Since its original enactment in 1990, the ADA has been updated numerous times to incorporate accessibility of public accommodations for citizens with disabilities. Today, the City of Oklahoma City and most cities and towns across the country rely upon the American National Standard (ANSI) regulations to determine ADA standards for everything accessible by the public. This could be an office building or a boat dock or anything else termed “Accessible and Usable Buildings and Facilities”. 

Most of the older “non-compliant” buildings have been “grandfathered” in and might not have ADA compliant restrooms. However, if the owner of one of these buildings begins a renovation project or any other construction that requires a building permit, there will very likely be a requirement for at least one ADA compliant restroom to serve as a Handicap Accessible unisex restroom. Typically, the requirement will be that the restroom is on the first floor and easily accessed from anywhere in the building. The conversion of an existing restroom is preferable to constructing a brand new one, but that is not always possible. The worst thing an owner could do on this front is to renovate restrooms and NOT make sure one of them was ADA compliant. It would be a waste of money, and if a city inspector happened to drop in, there would be consequences.
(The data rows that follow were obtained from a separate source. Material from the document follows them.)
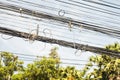 Messy electrical cables in thailand - Uncovered optical fiber technology open air outdoors asian cities Royalty Free Stock Photo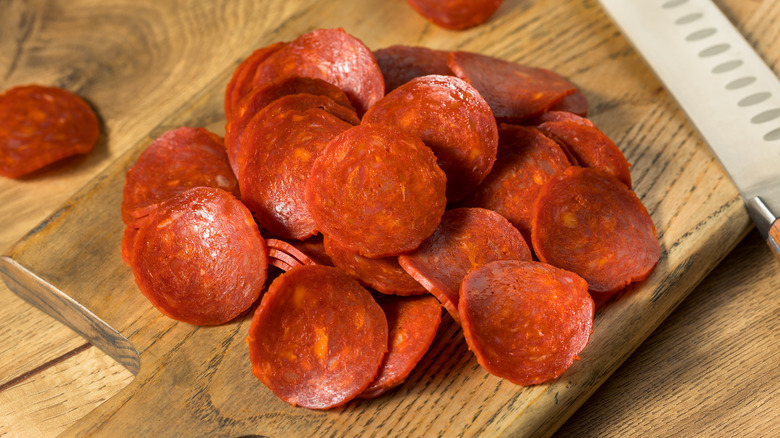 Sliced pepperoni on wooden board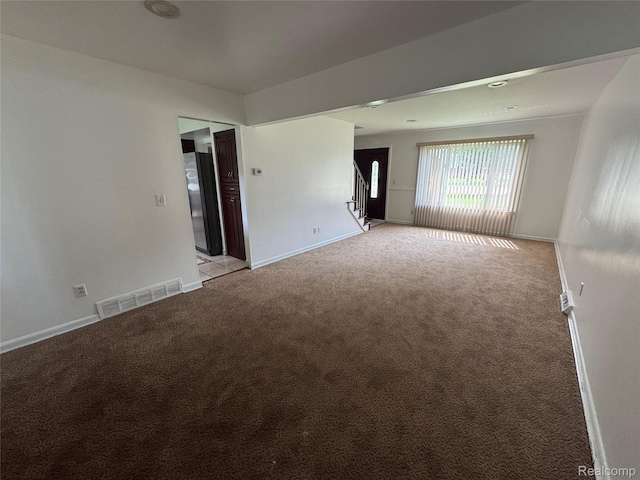 28240 Lahser Rd, Southfield, MI 48034 - empty room with stairs and light colored carpet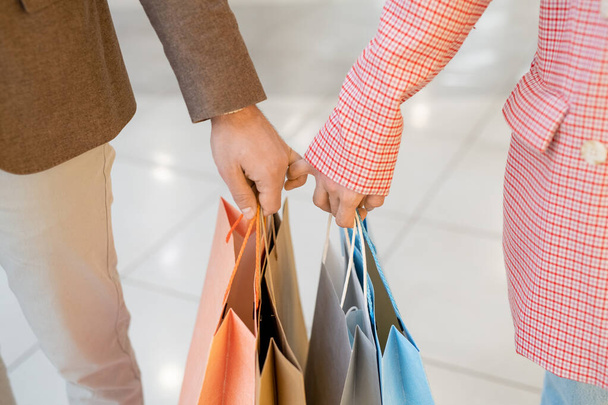 Primer plano de pareja encantadora sosteniendo bolsas de compras durante las compras - Foto, imagen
I toured a building about a year ago that was two stories with no elevator and two restrooms on each floor. All of the restrooms had been renovated, but none came even close to ADA standards. The owner was planning on using the new restrooms as a selling point but instead, it was a point of reducing the value due to a lack of ADA compliance.

Virtually any general contractor or architect will be familiar enough with the law to know that ADA compliance for access to a building and its interior hallways, doors, and restrooms is going to have to be addressed in the plans for new construction or renovation of an existing building. When in doubt, search them out.